= DATA SUPPLIED =
══════════

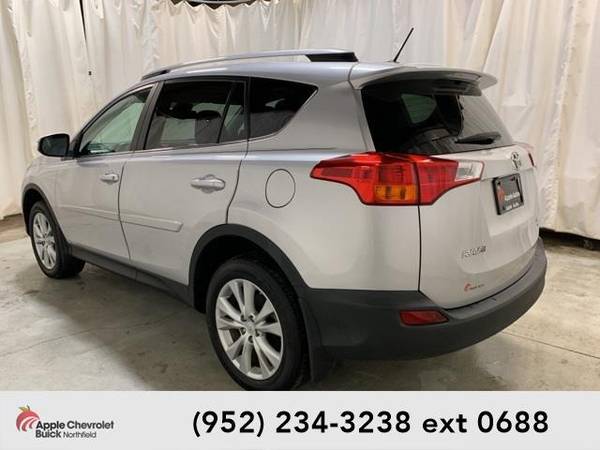 2015 Toyota RAV4 SUV Limited for sale in Northfield, MN – photo 4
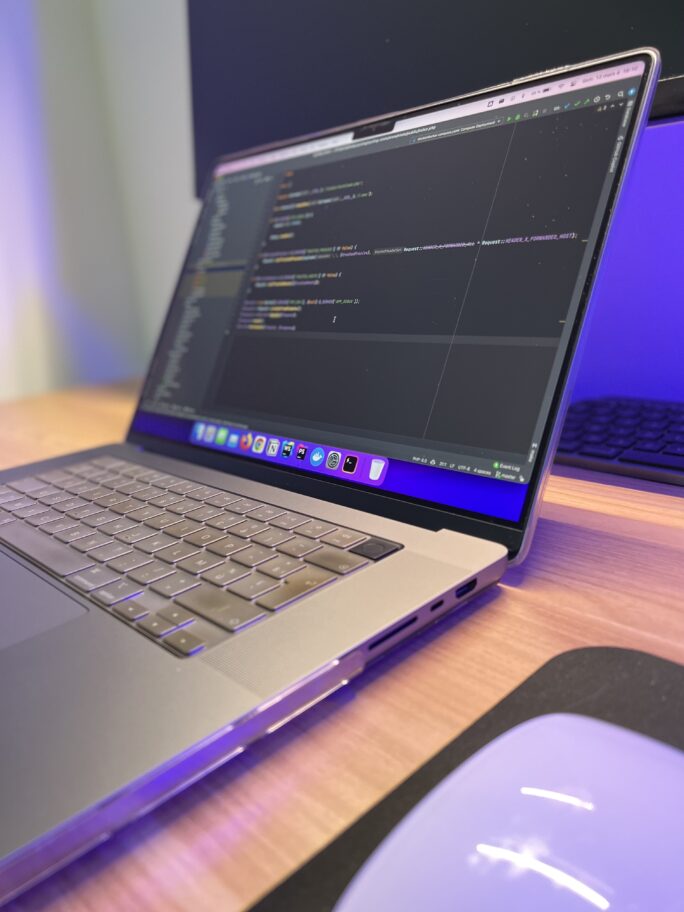 Protection clavier pour le MacBook M1 Pro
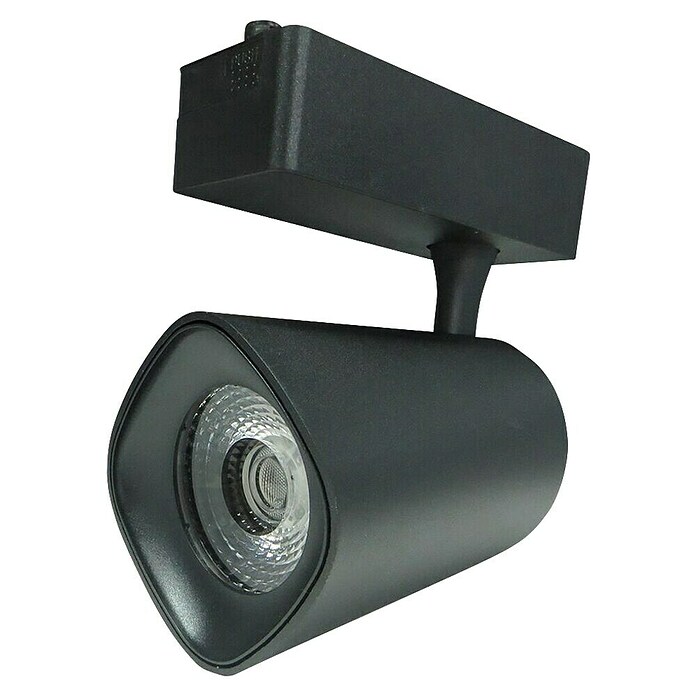 Led Hispania Foco LED para riel Nor (40 W, Blanco cálido, 5 ud., Negro, 3.000 K) | BAUHAUS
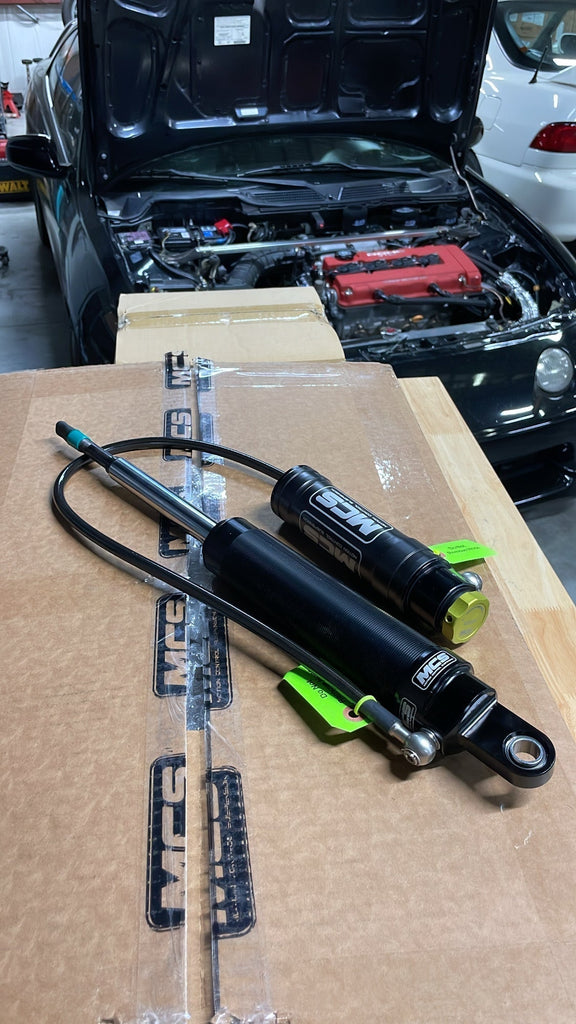 Pimpy Shocks for the Integra Type R - Motion Control Suspension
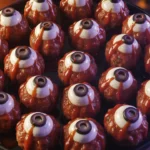 Meatball Eyeballs Halloween Recipe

══════════

= EXERCISE INSTRUCTIONS =
What is needed is an exact copy of each line from the top of the data above through the line containing "Pimpy Shocks for", with no pictures.

= EXERCISE RESPONSE =
 2015 Toyota RAV4 SUV Limited for sale in Northfield, MN – photo 4
 Protection clavier pour le MacBook M1 Pro
 Led Hispania Foco LED para riel Nor (40 W, Blanco cálido, 5 ud., Negro, 3.000 K) | BAUHAUS
 Pimpy Shocks for the Integra Type R - Motion Control Suspension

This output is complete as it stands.